D’autre part, la Loi sur la qualité de l’environnement(LQE) protège l’habitat du poisson en interdisant le rejet ou l’émission dans l’environnement de tout contaminant susceptible de porter préjudice à la faune, au-delà de la quantité ou de la concentration prévue par les règlements, que ce soit sur des terres privées ou publiques. La LQE régit aussi l’élaboration et la mise en œuvre de la Politique de protection des rives du littoral et des plaines inondables qui vise la protection des lacs et des cours d’eau. Cette politique établit des normes minimales qui doivent, en vertu de la Loi sur l’aménagement et l’urbanisme, être adaptées dans les schémas d’aménagement et de développement des municipalités régionales. Par ailleurs, selon les termes du Règlement sur les exploitations agricoles de la LQE, à l’exception des passages à gué, il est interdit depuis le 1er avril 2005 de laisser les animaux accéder librement aux cours d’eau et aux littoraux.

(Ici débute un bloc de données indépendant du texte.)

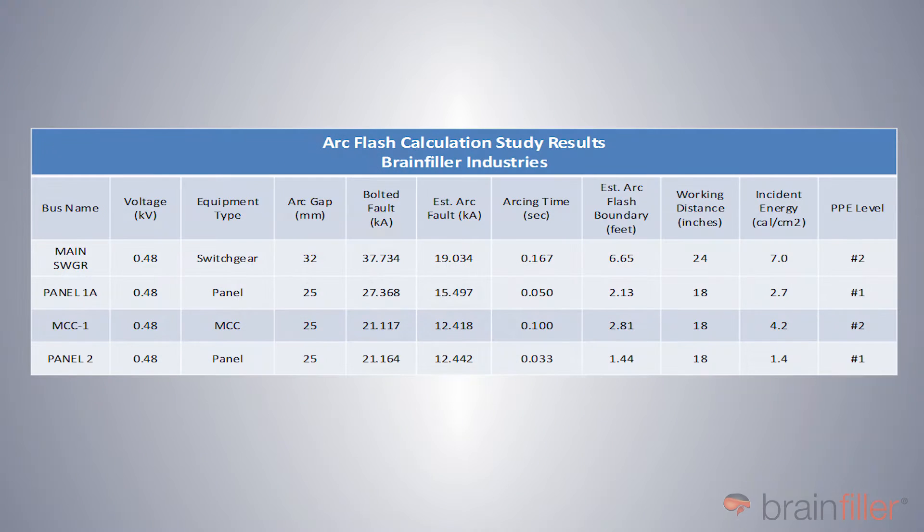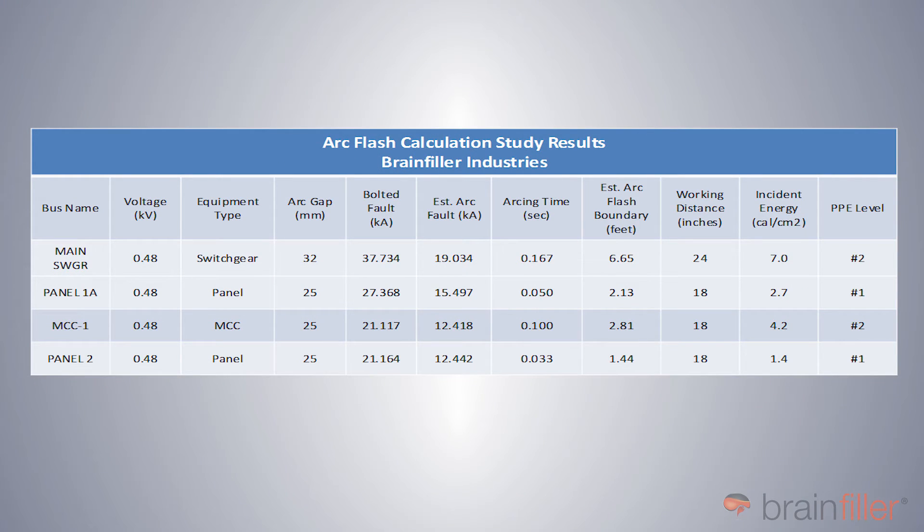So as an example, let's take a look at the results of this arc flash study. In this case I'm showing results for the main switchgear, panel 1A, motor control center 1, and panel number 2. What you're doing here is focusing on the highest incident energies, and you want to look at all of the incident energies to make sure they all fall below the arc rating you want to use.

Ontario – En Ontario, le paragraphe 3(5) de la Loi sur l'aménagement du territoire demande que les décisions prises par différentes entités soient conformes à la déclaration de principes provinciale énoncée en vertu du paragraphe 3(1) de la Loi. L'alinéa 2.1.3(a) de la Déclaration de principes de 2005 interdit le développement et la modification d'un site se trouvant « dans les habitats d'importance des espèces en voie de disparition et des espèces menacées ». Cette obligation bénéficiera indirectement aux espèces jugées préoccupantes et qui cohabitent avec des espèces menacées ou en voie de disparition. Le paragraphe 2.1.5 de la Déclaration de principes provinciale de 2005 interdit le développement et la modification de l'habitat dans l'habitat du poisson, sauf en conformité avec les exigences provinciales et fédérales qui offrent une certaine protection à l'habitat du méné d'herbe. En Ontario, le développement riverain est géré par des règlements sur les plaines inondables qui sont appliqués par les offices de protection de la nature locaux. Bien que la majorité des terres bordant les rivières où se trouve le méné d'herbe soit constituée de propriétés privées, le fond des rivières appartient généralement à la Couronne. Sous réserve d'une autorisation accordée par la Raisin River Conservation Authority, les habitats aquatiques dans les affluents Ontariens du lac Saint-François et où se trouvent des populations de méné d'herbe, sont protégés contre le remblayage par le règlement suivant: Regulation of Development, Interference with Wetlands and Alterations to Shorelines and Watercourses (O.Reg. 175/06), qui est administré par la Raisin River Conservation Authority. L'habitat du méné d'herbe est aussi protégé indirectement par la Loi sur les évaluations environnementales, la Loi sur la protection de l'environnement et la Loi sur les ressources en eau.